In “No Dead Air! The iPod and the Culture of Mobile Listening,” by Michael Bull, it’s said that the iPod allows urban society to reclaim control over their environment through the use of personalized soundscapes. By being able to make their own sound experiences, individuals are able to filter out the often overwhelming noise of the city and instead make their own narratives to help them navigate a city's space. The idea of being able to create personal agency within the premade landscape of a city is also shown in Tony Silver’s documentary Style Wars, which documents young graffiti artists and breakdancers in 1980s New York City and follows how they assert cultural ownership over public spaces by using art and performance.
Bull’s thoughts of the iPod as a tool for “sensory gating” can be used to also understand the graffiti artists' relationship with the city. iPod users go into a private auditory world to manage the urban life while the youth in Style Wars instead demonstrate themselves by spray painting on subway trains, walls, and street corners or by using dance as a way of expression. In both cases, individuals are not passively accepting the premade layout of the city but are instead rewriting its meaning to suit their own lives and identities. The graffiti acts as its own visual soundtrack by being able to be mobile signs of personal and collective identity. Alike to music users creating their own sense of control and presence within the city. Both practices challenge the alienation of traditional city design and authority by turning everyday infrastructures and the surrounding area into personal and cultural creativity.

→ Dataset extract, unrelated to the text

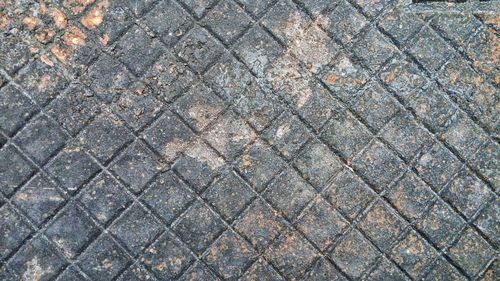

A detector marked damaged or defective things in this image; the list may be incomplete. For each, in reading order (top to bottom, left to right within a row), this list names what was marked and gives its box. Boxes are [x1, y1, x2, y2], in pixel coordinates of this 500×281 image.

By comparing these two resources, a deeper understanding of how individuals look for both escape and redefinition is seen. Whether through using music, spray paint, or dance, the intention of expressing a shared personal experience and asserting presence over an environment that often feels depersonalizing is celebrated. In cities that are typically designed for efficiency, surveillance, and control, these acts of self-expression act as rebellions towards the conventional. There’s something beautiful in the human desire to create a space of comfort within the uncomfortable and I think these resources perfectly display that. The feeling to personalize and to reclaim the cities that we live in can help to remind us that even if we are in environments that feel disconnected to us, we are able to find ways to assert our own presence, creativity, and right to belong.